Draft — verify against the current release.

Castwright ships with three synthesis engines. You do not need all three — Kokoro alone is enough to produce a full-cast audiobook.

Kokoro (default)

Kokoro is the default engine and the one Castwright uses for generation unless you choose otherwise. It is always resident in memory once the weights are installed, so there is no wait for a model to load between chapters.

  • Languages: English only (28 voices).
  • Voice names: prefixed af_, am_, bf_, bm_ (American/British female/male).
  • VRAM: roughly 1 GB.
  • When to use it: for every character when you want fast, reliable English synthesis.

Qwen (voice design)

The Qwen engine is used for designing custom voices. When you open the “Design voice” panel for a character, Castwright loads the Qwen VoiceDesign model, generates a voice from your description, and lets you compare the result with the default. You can accept the design, try another description, or discard it.

Qwen is also the synthesis engine for any character whose voice was designed with it. It is loaded on demand, not at startup.

  • Languages: multilingual.
  • VRAM: the design model is about 4–5 GB; it unloads automatically once you leave the cast-review screen.
  • When to use it: when you want a character voice that is precisely tuned — a specific accent, age, affect, or timbre that no preset covers.

Coqui XTTS v2 (optional)

Coqui XTTS is an optional engine for voice cloning. You load it explicitly via the Model Manager; it is not installed by default.
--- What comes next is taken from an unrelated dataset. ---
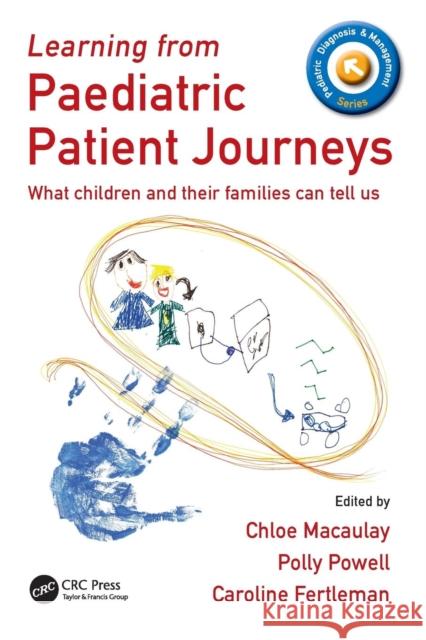 Learning from Paediatric Patient Journeys: What Children and Their Families Can Tell Us Chloe Macaulay Polly Powell Caroline Fertleman 9781785231247 CRC Press - książka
Once loaded, it takes over from Kokoro for any character assigned a cloned voice.

  • Languages: multilingual.
  • VRAM: similar to Qwen; loading Coqui unloads the Ollama analysis model to reclaim memory.
  • When to use it: when you want to narrate in your own voice or clone a specific voice from a short audio sample. (Voice cloning is in development — it ships in an upcoming release.)

The Model Manager

The Model Manager lives under the account menu (or at #/models). It shows all installed and available engines, lets you install or remove voice weights, and displays current GPU memory usage. If an engine fails to load, the error will appear here first.